What is required =>
The material below is to be copied exactly from the line with "The Inline Slim" up to and including the line with "So today I'm", with nothing else kept and no pictures.

[Supplied data]

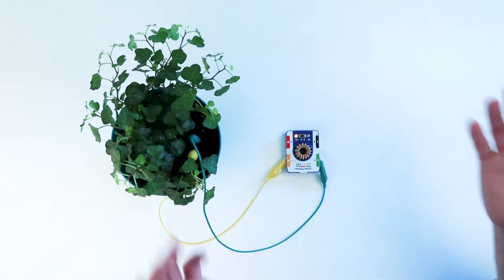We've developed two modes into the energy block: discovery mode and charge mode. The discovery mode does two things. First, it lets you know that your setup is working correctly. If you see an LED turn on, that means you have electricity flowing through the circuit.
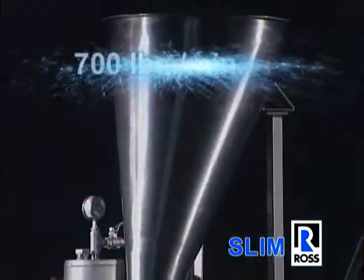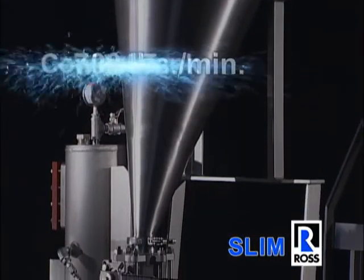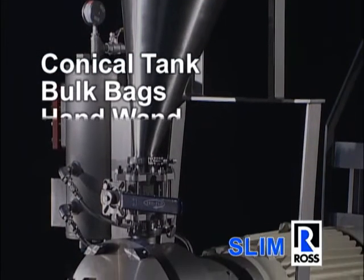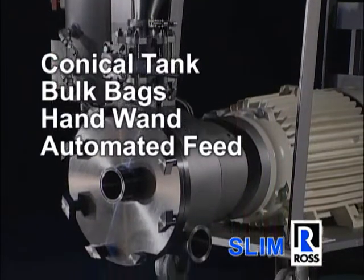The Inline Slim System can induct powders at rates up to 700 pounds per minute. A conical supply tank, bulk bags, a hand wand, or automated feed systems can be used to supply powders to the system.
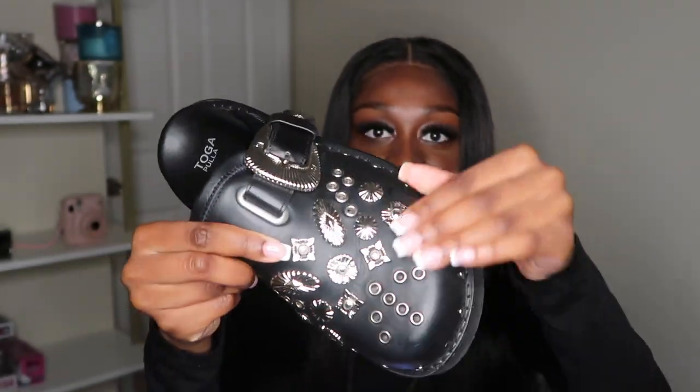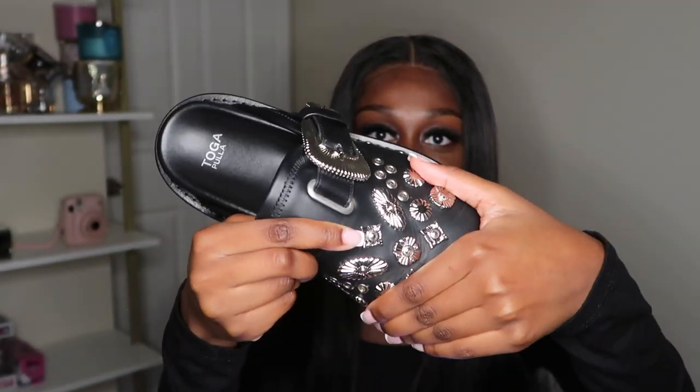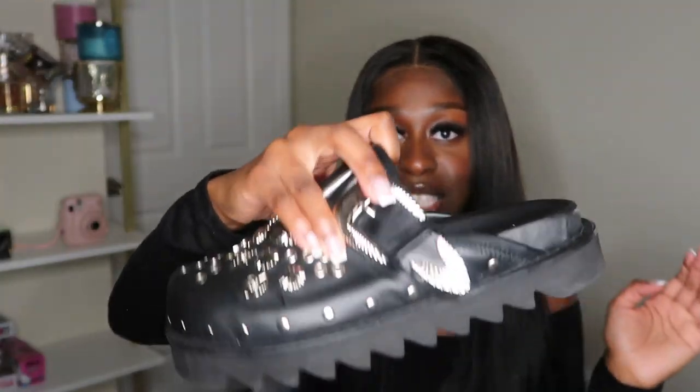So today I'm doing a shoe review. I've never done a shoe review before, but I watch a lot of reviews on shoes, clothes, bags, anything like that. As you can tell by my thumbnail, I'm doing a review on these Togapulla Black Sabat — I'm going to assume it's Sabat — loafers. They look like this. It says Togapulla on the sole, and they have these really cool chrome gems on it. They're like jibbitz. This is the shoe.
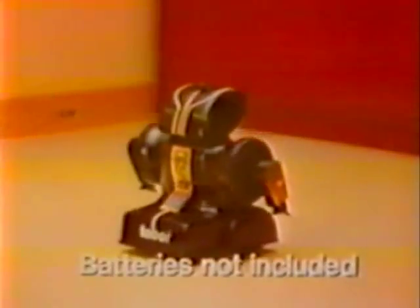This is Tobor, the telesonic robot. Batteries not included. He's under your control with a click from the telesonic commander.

[/Supplied data]

Task output =>
The Inline Slim System can induct powders at rates up to 700 pounds per minute. A conical supply tank, bulk bags, a hand wand, or automated feed systems can be used to supply powders to the system.
So today I'm doing a shoe review. I've never done a shoe review before, but I watch a lot of reviews on shoes, clothes, bags, anything like that. As you can tell by my thumbnail, I'm doing a review on these Togapulla Black Sabat — I'm going to assume it's Sabat — loafers. They look like this. It says Togapulla on the sole, and they have these really cool chrome gems on it. They're like jibbitz. This is the shoe.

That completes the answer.